Dr. Smik also recommends nurses check their feet daily for cracked or dry skin, especially those living in colder geographic locations and during winter-climate months. He suggests applying lotion every day, two times per day: “Skin builds on itself so applying lotion one to two times a week won’t cut it. Nurses should develop the habit of moisturizing daily,” he comments.
Other foot-care considerations
Since nurses work in a fast-paced environment with minimal breaks or sitting time, something else nurses may want to consider are compression socks (or stockings), which have proven successful in helping prevent stiff, sore legs and feet.

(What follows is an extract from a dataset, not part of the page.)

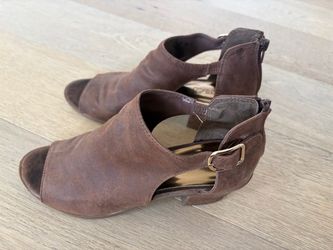Women shoes size 7.5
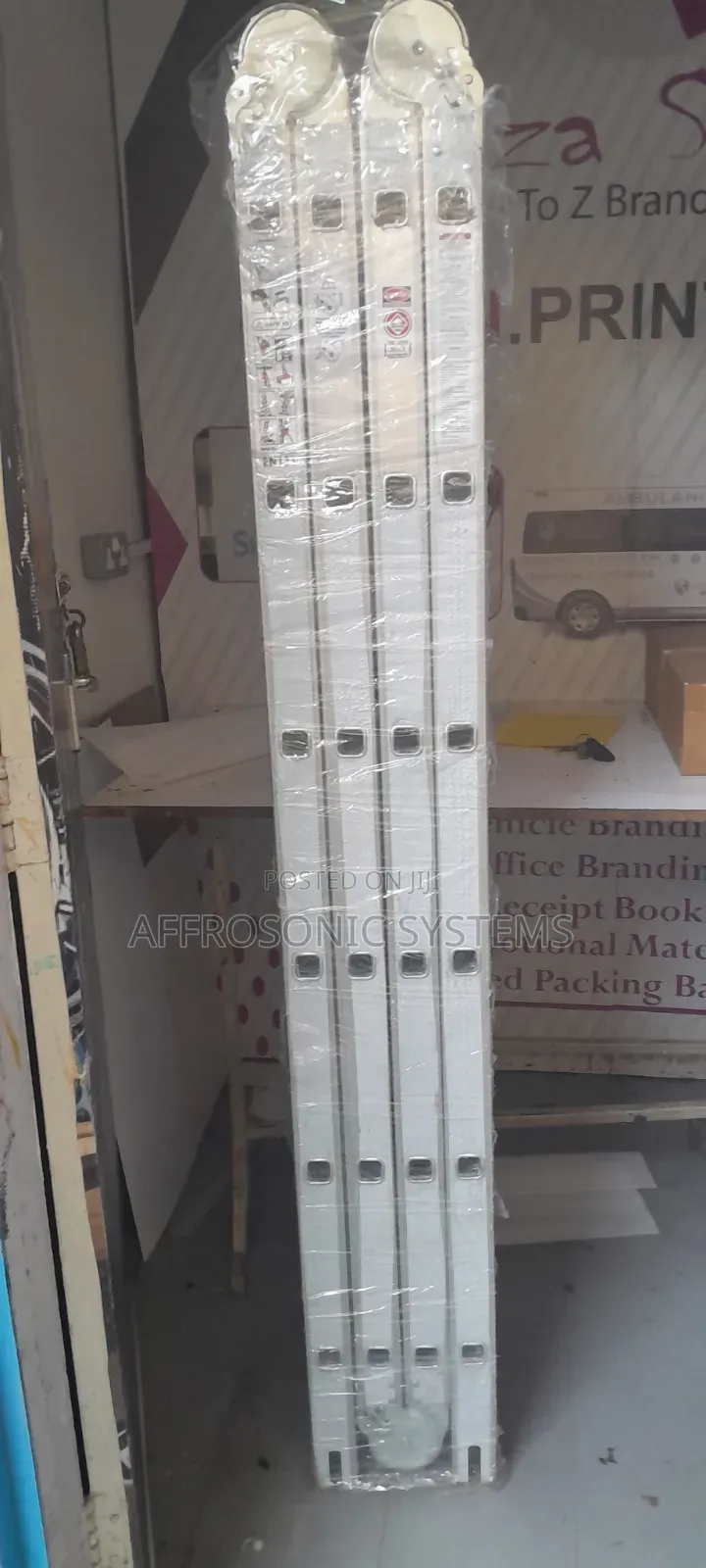 Site-Ready 24ft Heavy Duty 4by6 Aluminium Folding Ladder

Compression socks are made of snug-fitting stretchy material that gently squeezes the skin, muscles and vascular structures beneath. They are primarily used for venous diseases, such as Edema, venous insufficiency, varicose veins, deep vein thrombosis, lymphedema and phlebitis, as well as during pregnancy. According to Dr. Smik, compression socks improve leg circulation preventing venous accumulation and lymphatic drainage. This prevents pain in the legs, and reduced fluid accumulation. So, there is also less heaviness which lessens tiredness/leg fatigue. This will reduce the risk of varicose veins, deep vein thrombosis, and stasis leg ulcerations.
“Nurses who stand much of their shift would greatly benefit from the use of compression stockings,” Smik says. “Also, the old days of white or beige compression stockings are over. Today, stockings come in as many varied colors as the rainbow has.”
Nurses should also keep in mind that it is important to address foot-related problems or issues right away to keep them from worsening and improve the chance of reversing possible damage. For example, Dr. Smik says if a nurse is developing calluses on a big toe, they should consider an orthotic solution to accommodate for the deformity. In this case, a podiatric medicine physician would create a pocket under the ball joint to balance weight more appropriately and take pressure off the problem area.